In his talent search for Roman Scandals, Goldwyn had asked Louella Parsons to write in her column that he was holding open auditions for “every girl from 16 to 25 who thinks she looks like a Roman beauty. They wouldn’t have to make appointments,” he told her. “They won’t have to wait or to argue with the office boy. All that they do is to walk right in.” Nine thousand hopeful girls walked before Goldwyn and his scouts. Seventy-five beauties were selected to appear in Roman Scandals; a dozen of them were designated Goldwyn Girls.

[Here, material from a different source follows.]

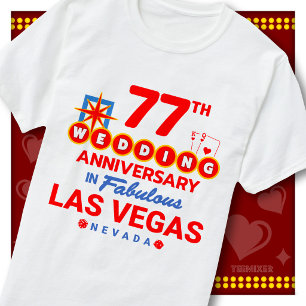 77th Wedding Anniversary Fabulous Las Vegas Couple T-Shirt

A few days before rehearsals were to begin in Hollywood, the mother of one of those chosen in New York suddenly decided against her daughter’s going into motion pictures, thus leaving a gap in the line.
It was one of those “hotter than hell” July Wednesdays when Lucille Ball, then a platinum-blond Hattie Carnegie model, was on her way to a lingerie shop to buy some underwear. She passed an agent friend on Seventh Avenue, and he said he had just heard that Sam Goldwyn was looking for one more “poster girl” for his new Eddie Cantor picture. The model—raised in Jamestown, New York, by her mother and grandfather—was trying to make it in the big city. She had already posed for a Chesterfield cigarette advertisement, and she bore a strong resemblance to Constance Bennett. She thought it would be hopeless even to pursue the job, as she had not e
ven heard about the Goldwyn cattle call in the first place. The agent simply said, “Look, they need girls.” Moments later, she was standing before James Mulvey, who asked if she could leave on Saturday for six weeks. The job lasted for six months and led to a middling career in motion pictures for the next seventeen years.

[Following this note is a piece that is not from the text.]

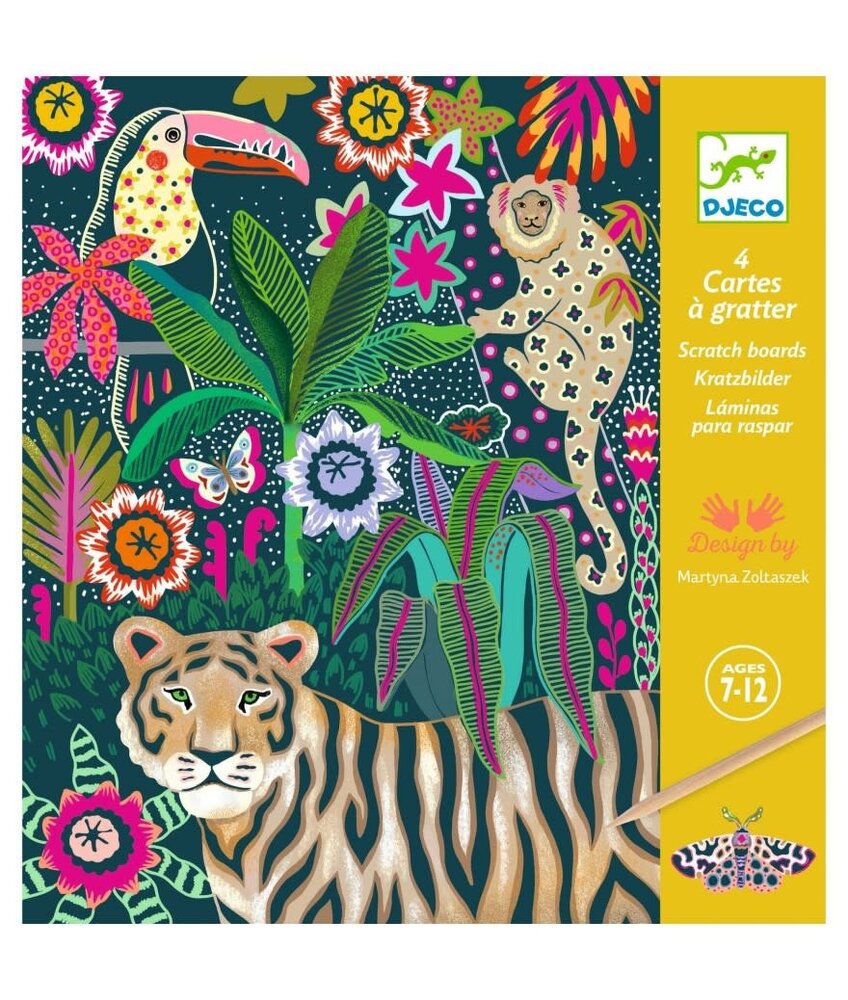 Djeco Kraskaarten in Fluokleur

Upon reporting to the studio for her first day of work, Miss Ball realized that she was “the ugly duckling of the lot.” Feeling inadequate, “embarrassed not to look like the other kids,” she thought of Fanny Brice, who had gotten Ziegfeld audiences to look at her instead of the beauties. Tired of standing in the back row of the harem, she resorted to any stunt to stand out, anything for a laugh. When the Goldwyn Girls were supposed to strut before the cameras in precise step, Miss Ball limped across; she would cross her eyes when the camera passed before her; she overstuffed her brassiere with tissue. Somehow this twenty-two-year-old got it in her head that “it was all useful. They’d realize there’s a girl out there not afraid to do anything.” When Eddie Cantor suddenly decided one of the chorus girls—who wore little more than G-strings and long hemplike wigs—was needed to fall into some mud, the one self-described “skinny marink” stepped forward.
“Mr. Goldwyn was aware of what every one of us was doing,” Lucille Ball recalled of her first days as a show girl; “and years later he always took pride in my having been a Goldwyn Girl.” Of course, the chorine was never invited to the Goldwyns’ house. She did not sit at the Goldwyn table until 1938, when she landed the female lead opposite the Marx Brothers in Room Service. “I ate my first artichoke at his place,” she recalled. “I just stared at it and was about to attack it with my knife and fork when Harpo leaned over and whispered how to pull it apart.” Through the years she and the Goldwyns became “more friendly.” When Lucille Ball suddenly ascended to stardom in television, “Mr. Goldwyn was there recommending people and banks and other helpful things” to aid in the building of her entertainment empire.